I have used a 48 inch shop light and a few CFL bulbs to make this canopy. I don't actually show how to make the box itself... it is a box. But you do get the idea how to use the shop light and CFLs.

Fish Tank Canopy

[yt]gDDNYObYCs0[/yt]
Thanks,
Serrecko


----------



## snyderguy (Feb 9, 2010)

Wouldn't you have to worry about humidity within the canopy using those CFL's?


----------



## emc7 (Jul 23, 2005)

DIY canopies usually include computer fans to keep the light cool and dry.


----------



## Serrecko (Sep 29, 2011)

I have noticed a little more heat trapped in the hood, but for the most part, the open back allows airflow. I am leaning towards putting in a fan on the side just to see what happens, but I'm happy with the project as it stands. This weekend is a long weekend, and I am wanting to finish it completely and to get the second one going.

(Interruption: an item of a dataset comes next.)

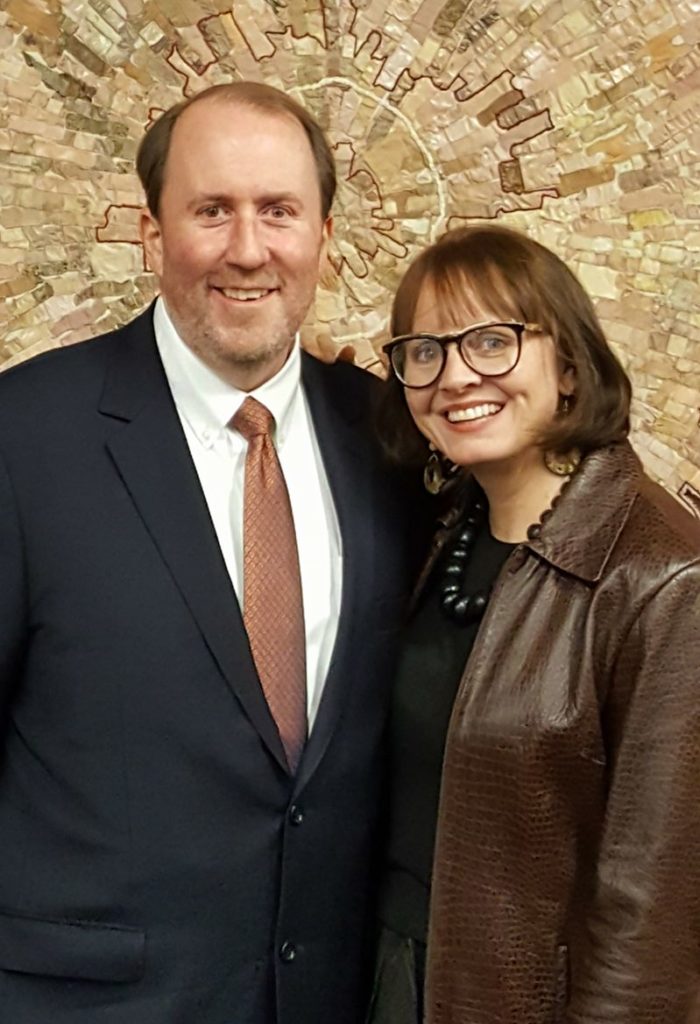 Brian and Christina Stanton in 2017.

If I add the fan I will probably take a short video showing the installation of that as well.


----------



## chronoboy (Jan 17, 2011)

I did a DIY shop light hood for my 55g. after a year though the shop light did start to rust even with holes drilled in the back for vents, now I have gotten a piece of glass that I fitted to the size of the hood. now my problem is the light is getting very hot even with the vent holes, next mission is to put cpu fans on both ends, one intake one outake.


----------



## Mr. fish (Mar 8, 2011)

First thing I'm going to say is its a nice build.. Would like to see the outcome once its finished.

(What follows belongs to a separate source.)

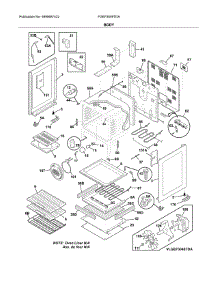 Body parts for Frigidaire Range FGEF3059TDA from AppliancePartsPros.com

Second is I agree with Snyder guy and EMC.. humidity and evaporation can be a problem with those exposed wires. What kind of wires did you use anyways? Hope this thing is connected to a GFI outlet.

Third thing I'm going to add is directing towards your algae. IMO I've used a DIY Co2 Bottle before and have to say its very inconsistent. That's what lead up to your BBA. If moneys a issue setup a Paintball setup with a Aquatek Regulator there pretty cheap.. if you have a little money then go with at least a 5lb tank and regulator. How many watts are those CFL's? Depending on that you might not even need Co2


----------



## Cory1990 (Jun 14, 2012)

i have a 4 foot shop light in my homemade canopy, i have never had any problems with it. iv had it set up for 6 months with no fans in my canopy. its a cheap way to get around exspensive tank lights. plus i couldnt find a 4'' long light for it.


----------



## Mikaila31 (Nov 29, 2009)

A lot bulkier then the hoods I tend to make but still nice with the opening flap. I agree that it is best to use glass tops to avoid evaporation and issues with the fixture. Also extend bulb and ballast life. I don't think fans are needed, its easy to design a hood with good ventilation. Your shop light could be better IMO. Home Depot sells normal output T5 ceiling fixtures. I don't deal much with T12 or T8 bulbs. 

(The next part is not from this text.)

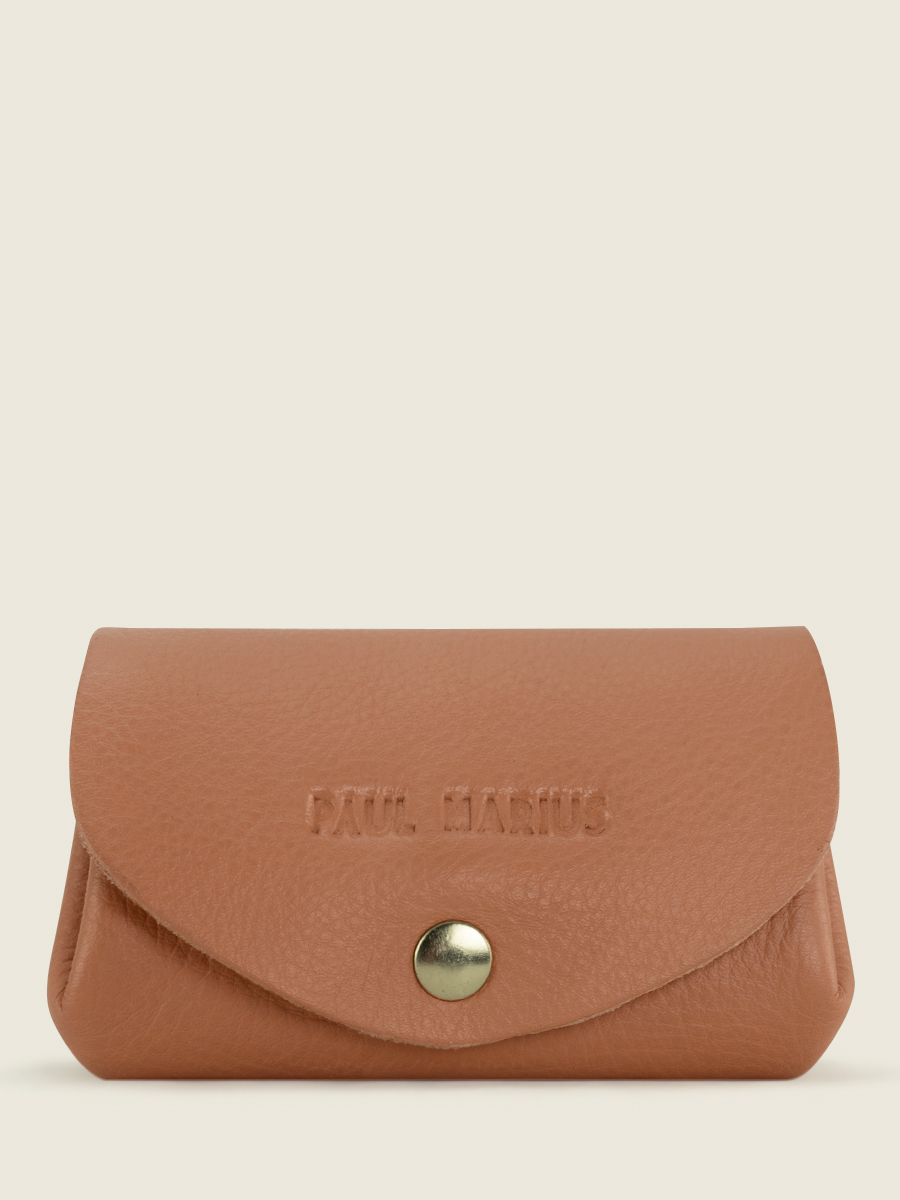 foto-vista-frontal-monedero-cuero-marrón-legustave-art-deco-caramel-paul-marius-clp-ad-ca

I tend to retrofit more often then build my own canopies but I have still built some fixtures completely from scratch. I don't run a single fixture I have not modified or built lol. From the high-end performance retrofits to a $30 dual 24" NO T5 fixture. 

This is a AHsupply kit I retrofitted over 4 years ago with added moon lights. It is 2x55 watt PC bulbs over a 55 gallon tank. So far this is my favorite hood design with the slotted top it allows really good cooling as the hot air rises. This was the first hood I built. Someday I will probably rebuild the box and stain it instead of spray paint it.



















As far as CO2/algae issues go I agree with Mr. Fish. Either do no CO2 at all or go pressurized. However for a 125gallon IMO paintball would be kinda pointless unless you don't mind the often refills. I have a paintball system but its been in storage for over a year. They are nice and cute on small tanks but be aware if the reg ever breaks or malfunctions its pretty much toast if it needs a new part. A regular canister regulator is more likely to last MUCH longer and is easily fixable in the slime chances something goes wrong. You can also modify them easily to suit your needs. My full sized system has a small and cheap splitter that allows up to 3 independent CO2 lines to be run off of it. It is currently running a 55 and 20 gallon tank using 2 lines. Eventually I will get a 3rd tank/line for it to run and maybe someday even upgrade to a larger splitter. I still run tanks without CO2 and IMO you certainly do not need CO2 for a awesome lush tank.


----------